Your goal
All lines from the top of the records below through the line holding "Zlatan fails a", and only those, should be printed exactly, minus the pictures.

(Short text fragments from websites)
————

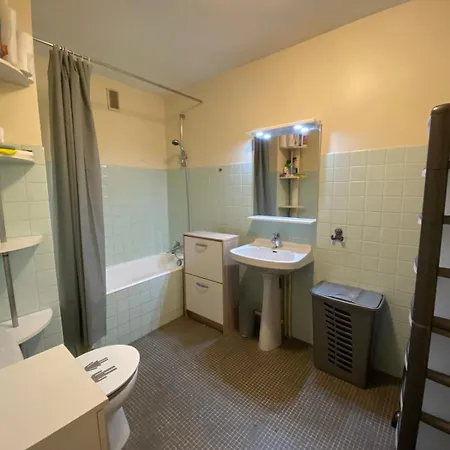 Spacious Of 40 M2 With Balcony In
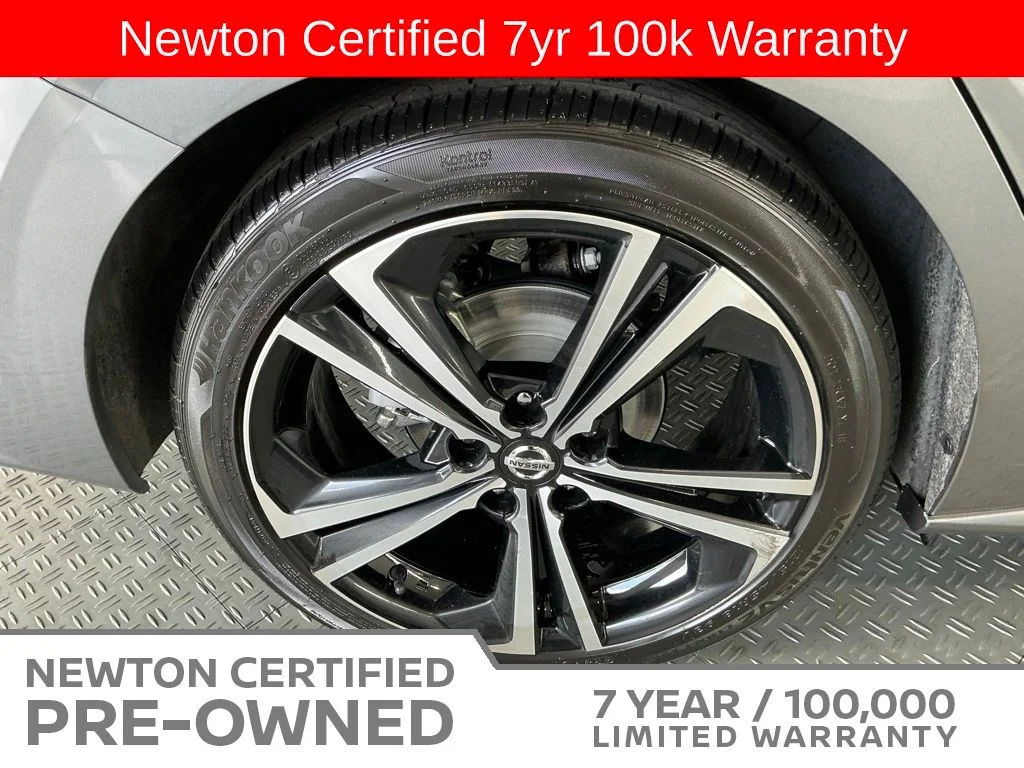 Certified Used 2022 Gun Metallic/Super Black Nissan SR image 45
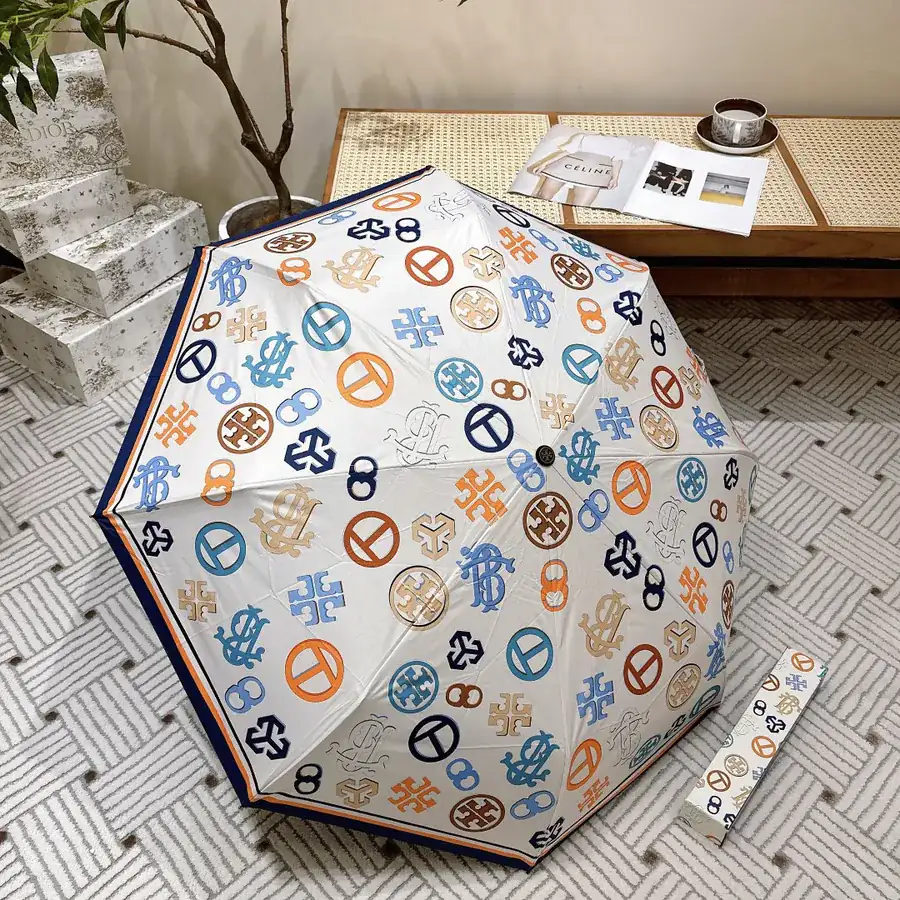 Tory Burch New Tote with Elegant Design and Practical Umbrella Hook
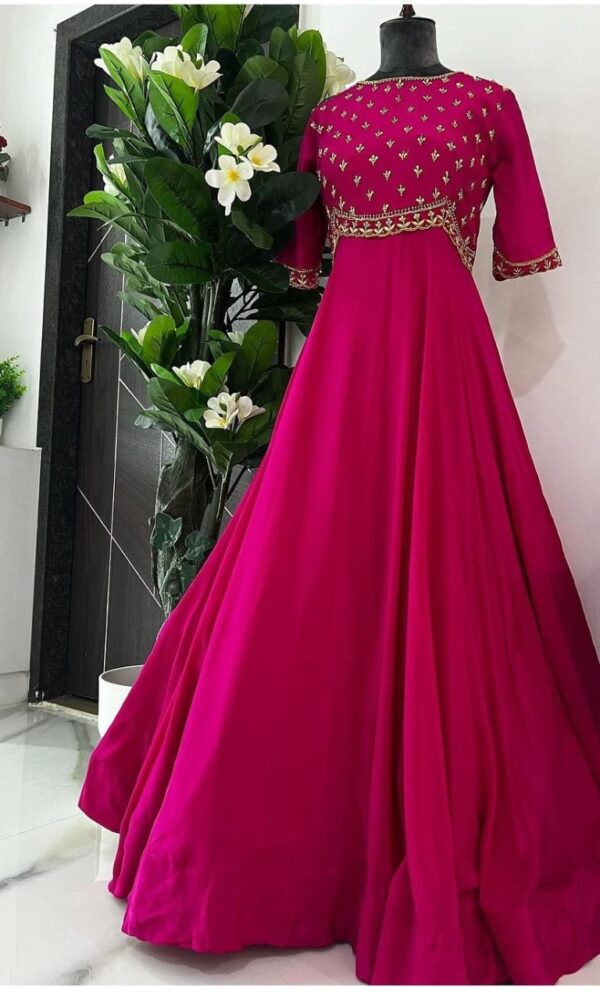 Carmine Charm Delight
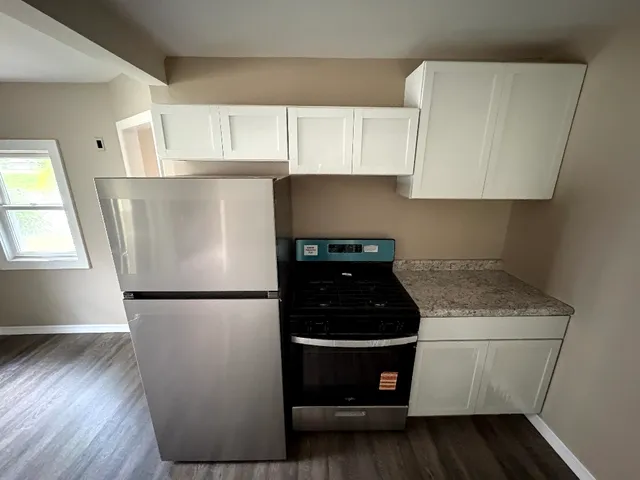 $1,295 | 5115 Maple Hill Drive, McHenry, IL 60050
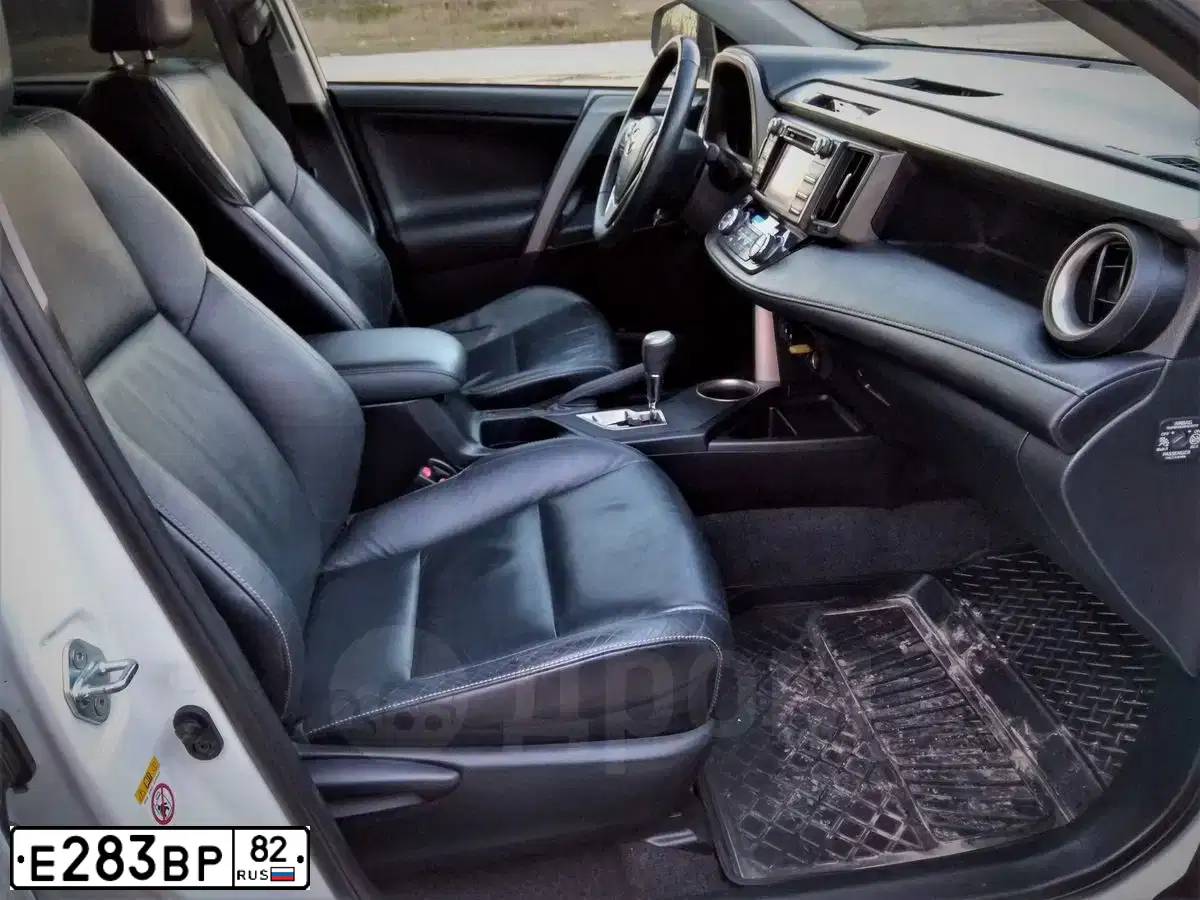 Фото автомобиля TOYOTA RAV4, 2013 — госномер А126УС126. Цвет: Белый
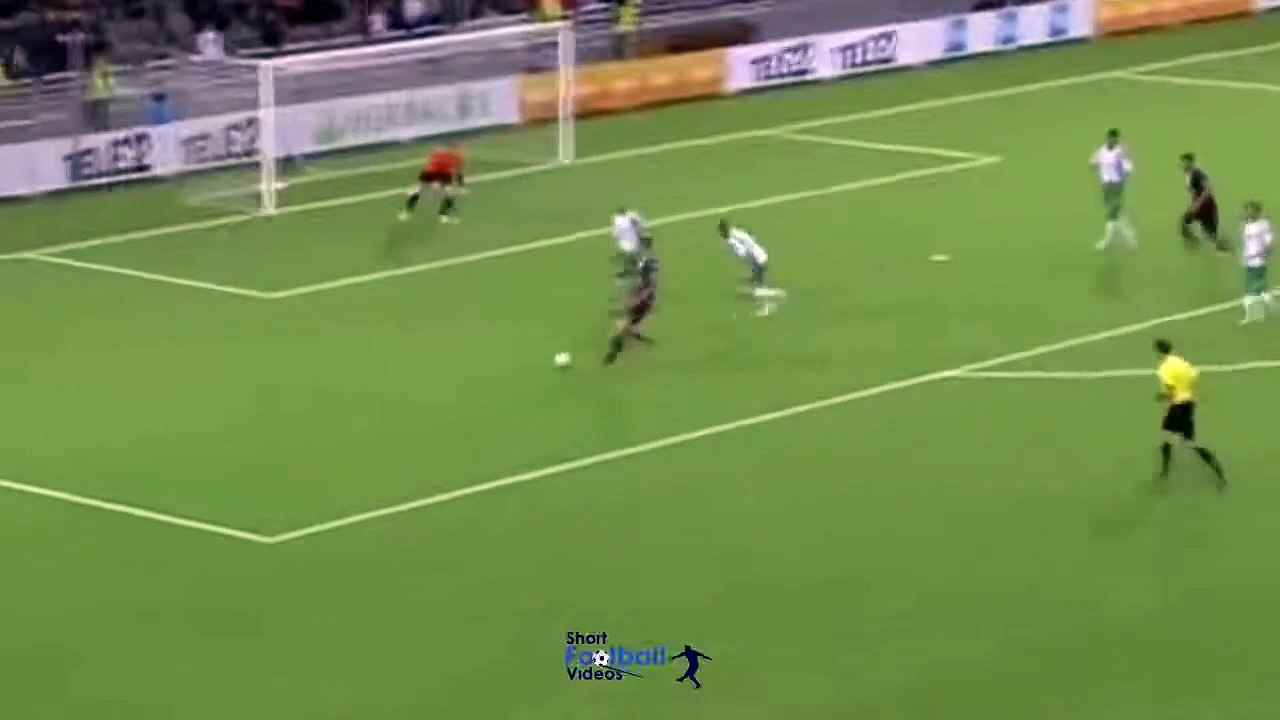 Zlatan fails a trick hugs defender 2015 Ibrahimovic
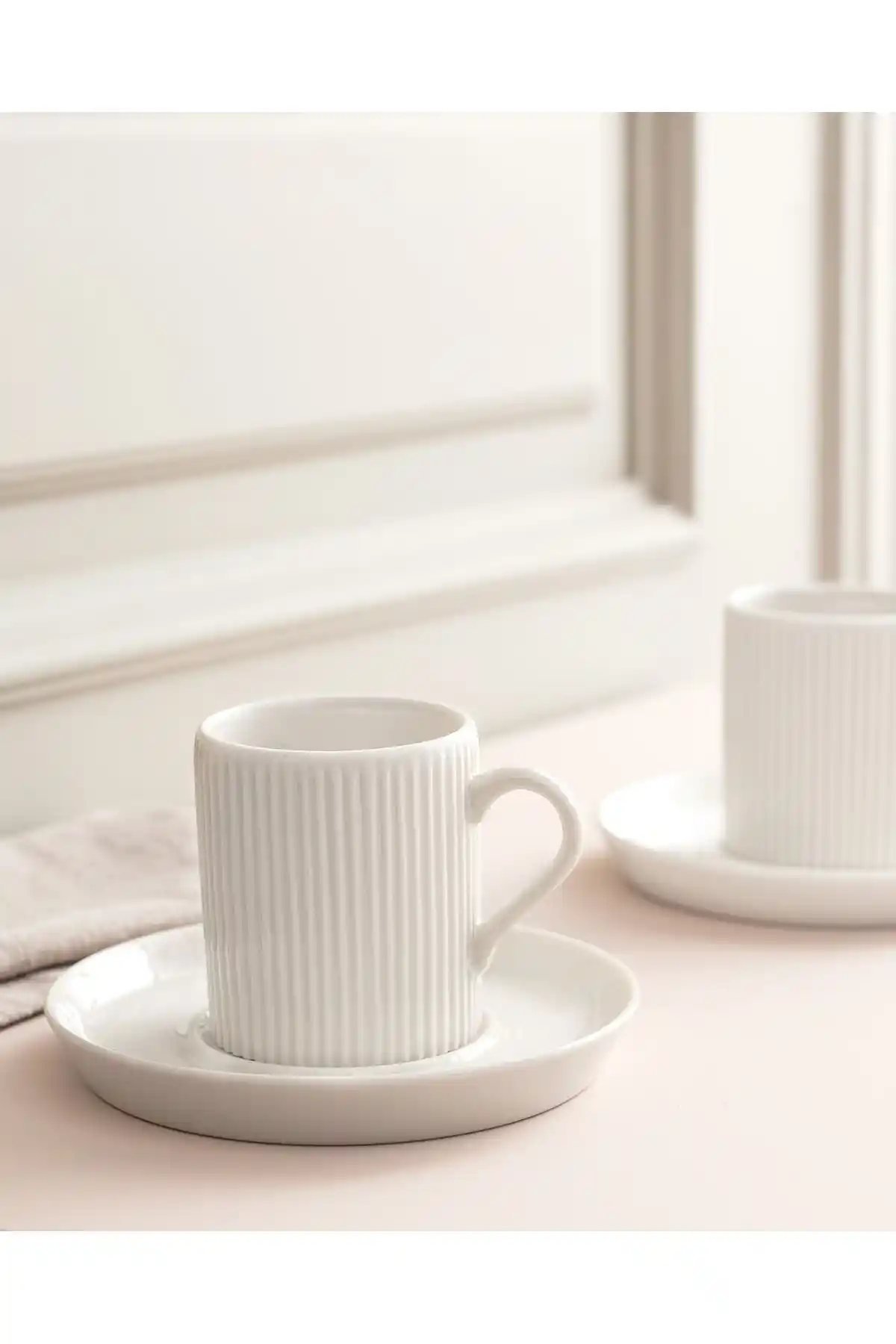 Madame Coco Ligne 6'lı Kahve Fincan Seti: Şık ve Dayanıklı Beyaz Porselen Kahve Takımı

————

Written solution
 Spacious Of 40 M2 With Balcony In
 Certified Used 2022 Gun Metallic/Super Black Nissan SR image 45
 Tory Burch New Tote with Elegant Design and Practical Umbrella Hook
 Carmine Charm Delight
 $1,295 | 5115 Maple Hill Drive, McHenry, IL 60050
 Фото автомобиля TOYOTA RAV4, 2013 — госномер А126УС126. Цвет: Белый
 Zlatan fails a trick hugs defender 2015 Ibrahimovic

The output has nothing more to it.